PROBLEM — Please copy out the entries exactly, skipping any pictures.

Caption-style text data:
Segment Open
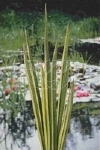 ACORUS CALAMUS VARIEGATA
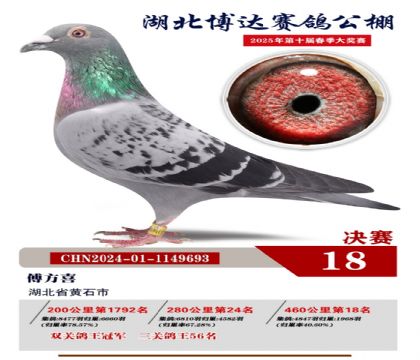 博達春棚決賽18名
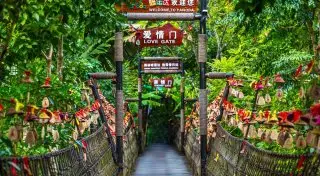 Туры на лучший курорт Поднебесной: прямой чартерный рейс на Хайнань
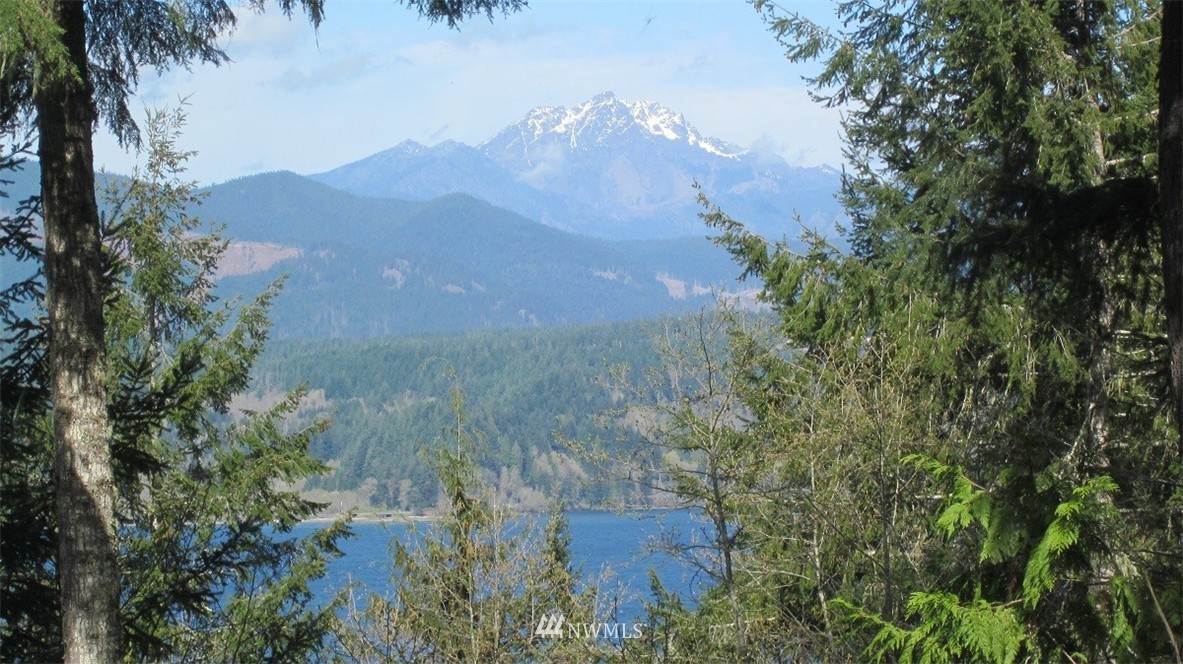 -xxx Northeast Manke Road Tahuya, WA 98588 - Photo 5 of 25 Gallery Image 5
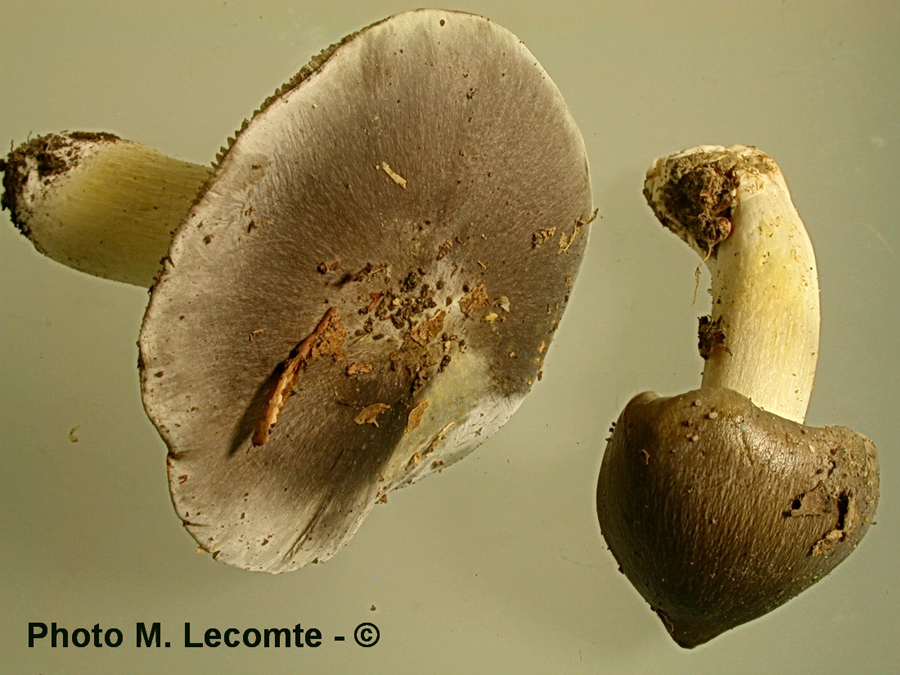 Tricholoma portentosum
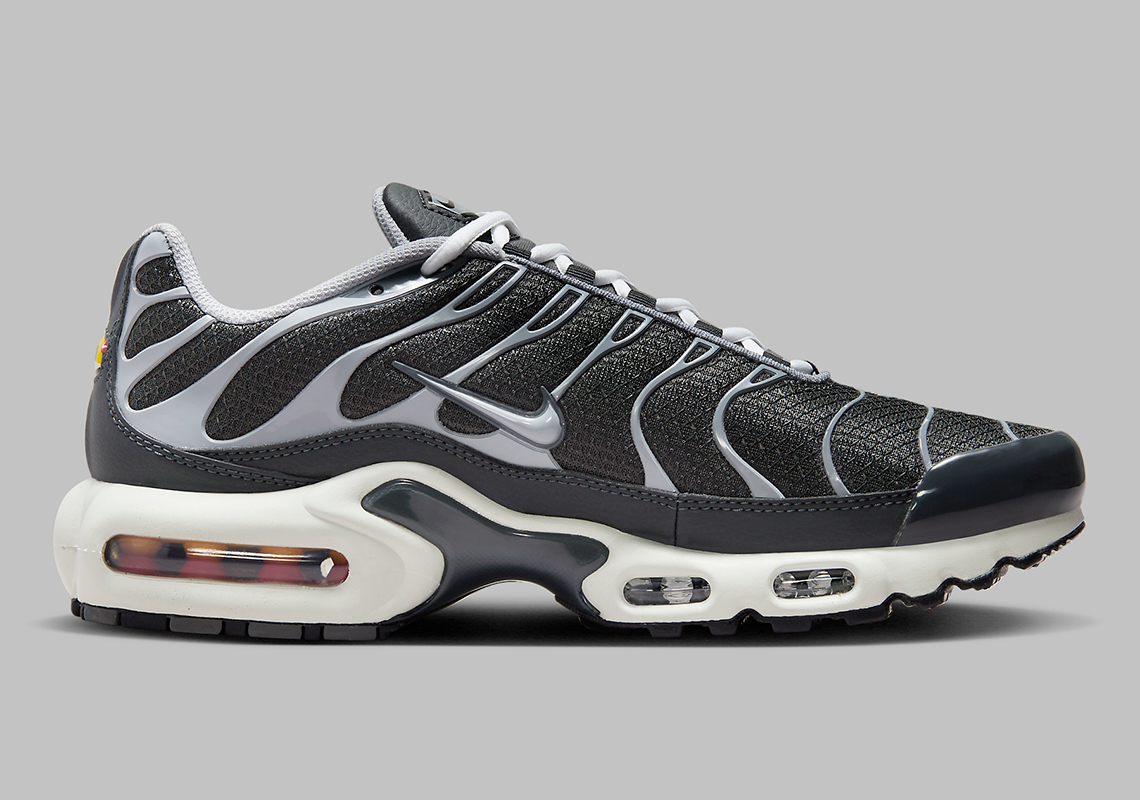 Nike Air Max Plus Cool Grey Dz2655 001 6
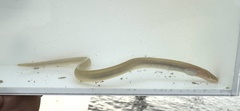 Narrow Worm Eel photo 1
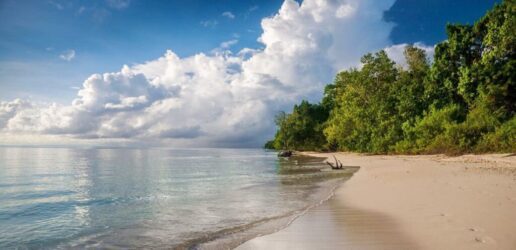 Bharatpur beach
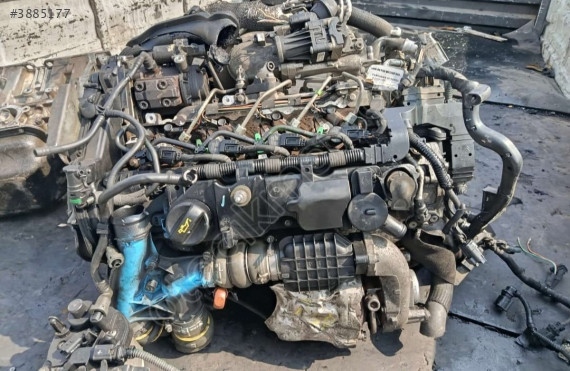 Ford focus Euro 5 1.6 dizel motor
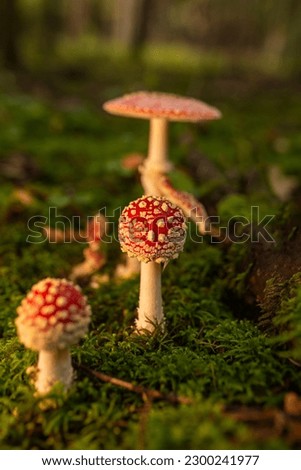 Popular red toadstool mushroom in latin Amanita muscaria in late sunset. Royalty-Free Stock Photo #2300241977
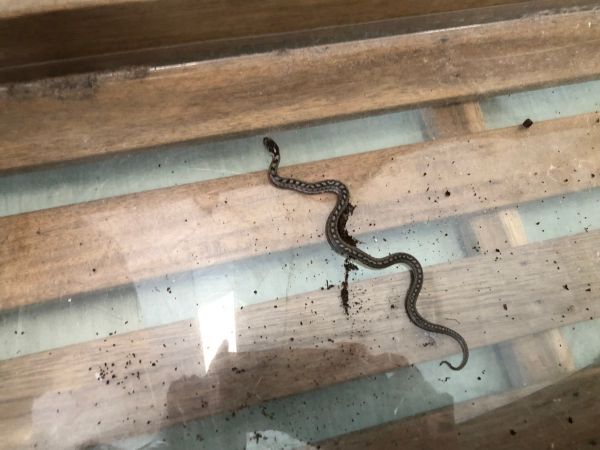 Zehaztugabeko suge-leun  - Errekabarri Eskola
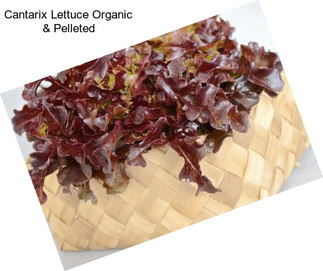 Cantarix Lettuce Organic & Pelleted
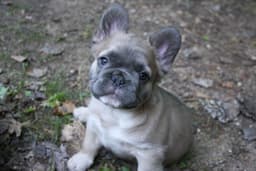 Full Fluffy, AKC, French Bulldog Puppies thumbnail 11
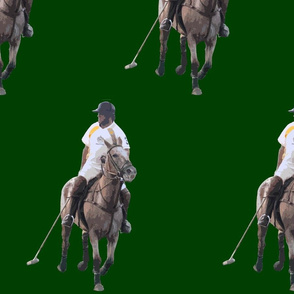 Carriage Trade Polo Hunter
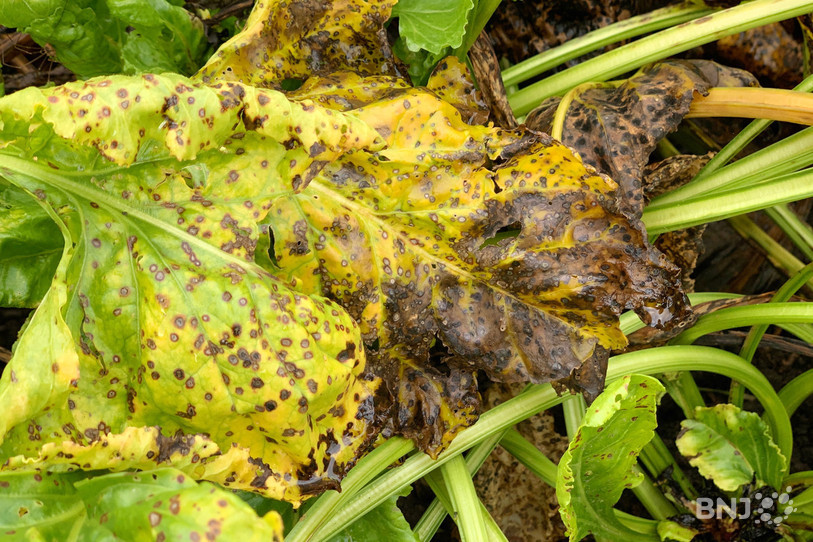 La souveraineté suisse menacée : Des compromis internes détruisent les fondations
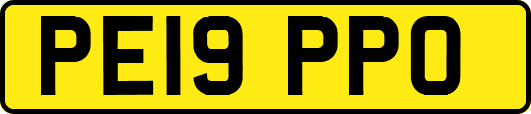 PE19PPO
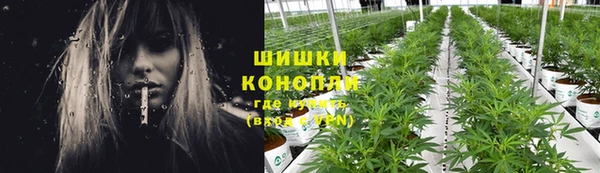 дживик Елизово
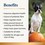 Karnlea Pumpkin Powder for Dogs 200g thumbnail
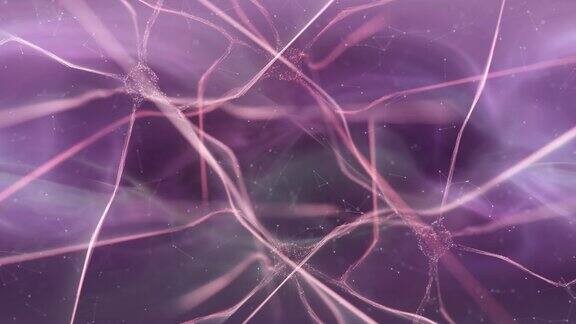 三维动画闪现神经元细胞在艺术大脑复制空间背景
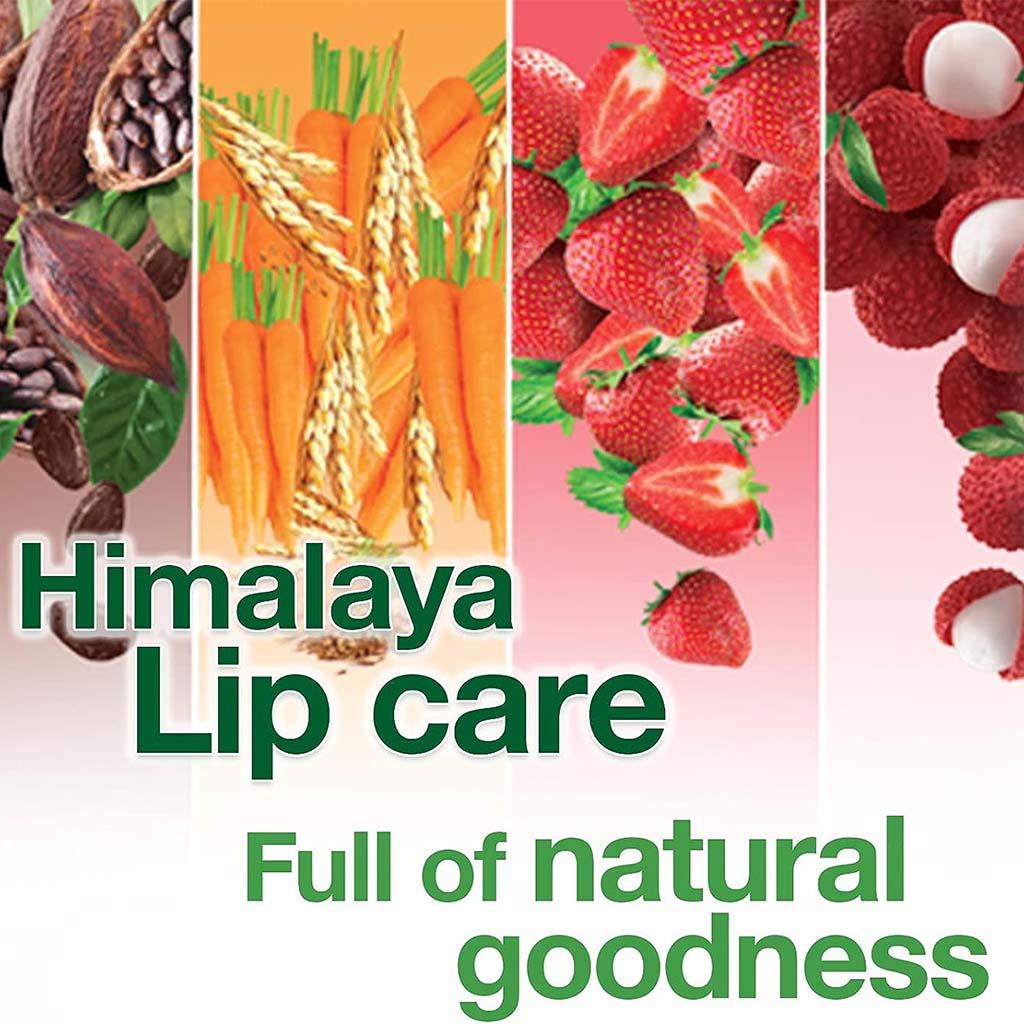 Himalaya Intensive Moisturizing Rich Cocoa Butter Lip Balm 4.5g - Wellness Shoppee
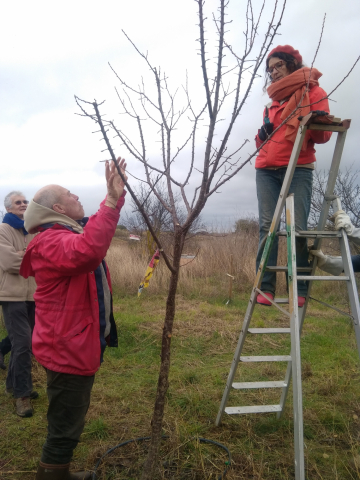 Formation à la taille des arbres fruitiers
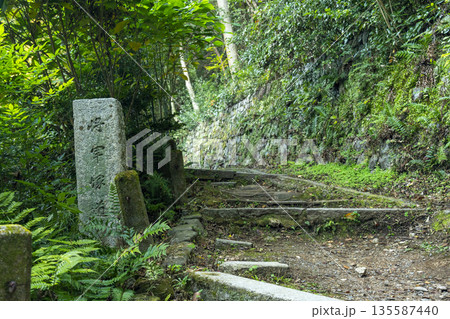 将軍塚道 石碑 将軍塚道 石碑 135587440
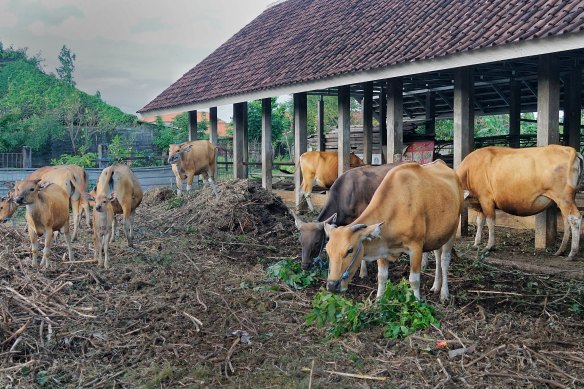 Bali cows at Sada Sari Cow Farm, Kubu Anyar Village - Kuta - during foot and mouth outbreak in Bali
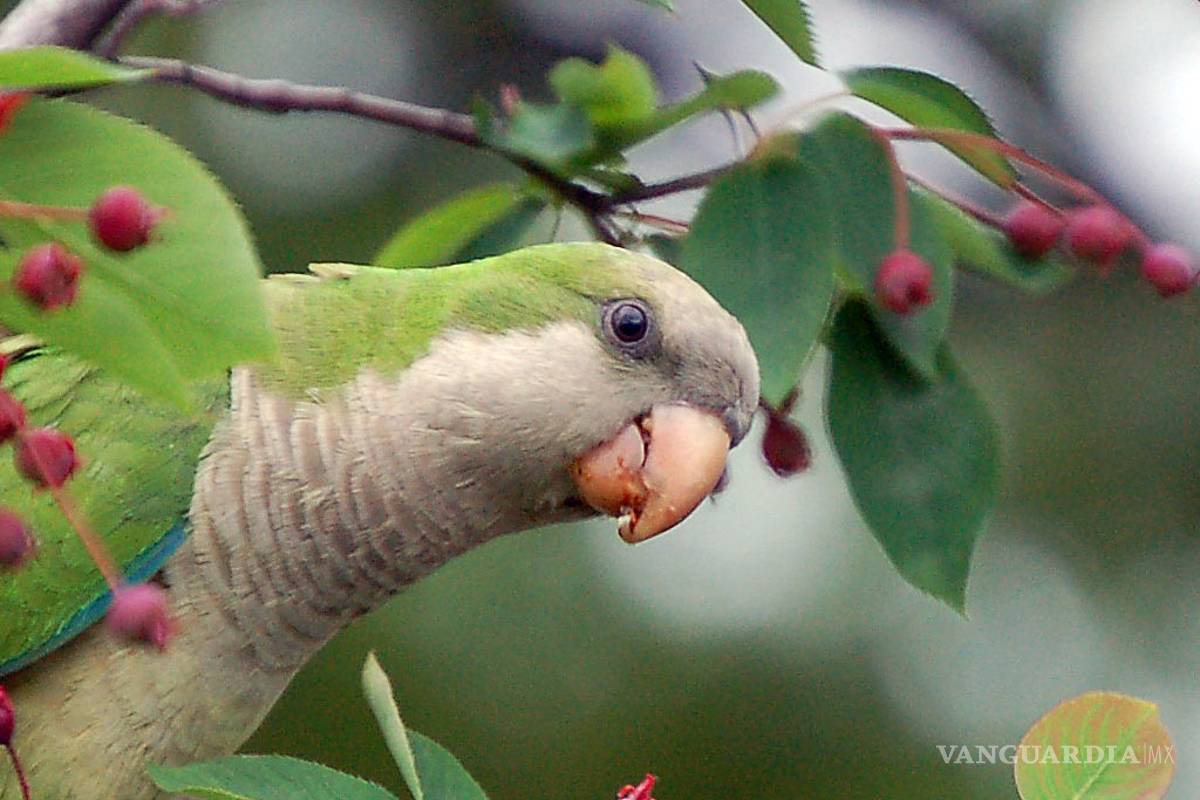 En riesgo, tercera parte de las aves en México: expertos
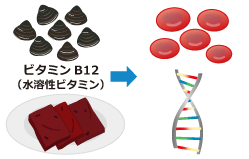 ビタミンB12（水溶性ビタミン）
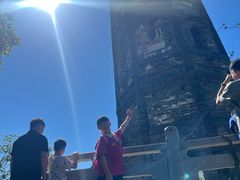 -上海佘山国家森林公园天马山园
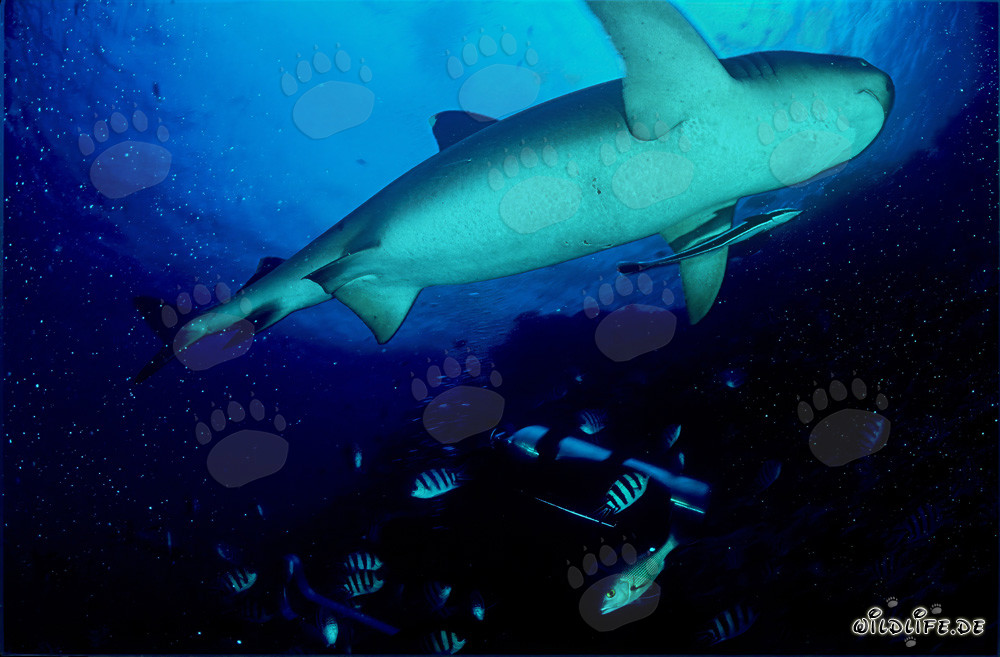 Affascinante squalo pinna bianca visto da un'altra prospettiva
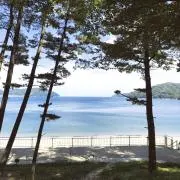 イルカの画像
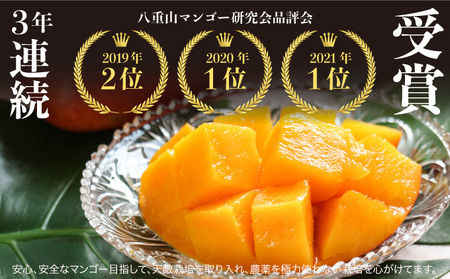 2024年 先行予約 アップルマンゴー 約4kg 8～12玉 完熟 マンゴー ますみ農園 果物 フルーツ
Segment Closed
SOLVED PROBLEM —
 ACORUS CALAMUS VARIEGATA
 博達春棚決賽18名
 Туры на лучший курорт Поднебесной: прямой чартерный рейс на Хайнань
 -xxx Northeast Manke Road Tahuya, WA 98588 - Photo 5 of 25 Gallery Image 5
 Tricholoma portentosum
 Nike Air Max Plus Cool Grey Dz2655 001 6
 Narrow Worm Eel photo 1
 Bharatpur beach
 Ford focus Euro 5 1.6 dizel motor
 Popular red toadstool mushroom in latin Amanita muscaria in late sunset. Royalty-Free Stock Photo #2300241977
 Zehaztugabeko suge-leun  - Errekabarri Eskola
 Cantarix Lettuce Organic & Pelleted
 Full Fluffy, AKC, French Bulldog Puppies thumbnail 11
 Carriage Trade Polo Hunter
 La souveraineté suisse menacée : Des compromis internes détruisent les fondations
 PE19PPO
 дживик Елизово
 Karnlea Pumpkin Powder for Dogs 200g thumbnail
 三维动画闪现神经元细胞在艺术大脑复制空间背景
 Himalaya Intensive Moisturizing Rich Cocoa Butter Lip Balm 4.5g - Wellness Shoppee
 Formation à la taille des arbres fruitiers
 将軍塚道 石碑 将軍塚道 石碑 135587440
 Bali cows at Sada Sari Cow Farm, Kubu Anyar Village - Kuta - during foot and mouth outbreak in Bali
 En riesgo, tercera parte de las aves en México: expertos
 ビタミンB12（水溶性ビタミン）
 -上海佘山国家森林公园天马山园
 Affascinante squalo pinna bianca visto da un'altra prospettiva
 イルカの画像
 2024年 先行予約 アップルマンゴー 約4kg 8～12玉 完熟 マンゴー ますみ農園 果物 フルーツ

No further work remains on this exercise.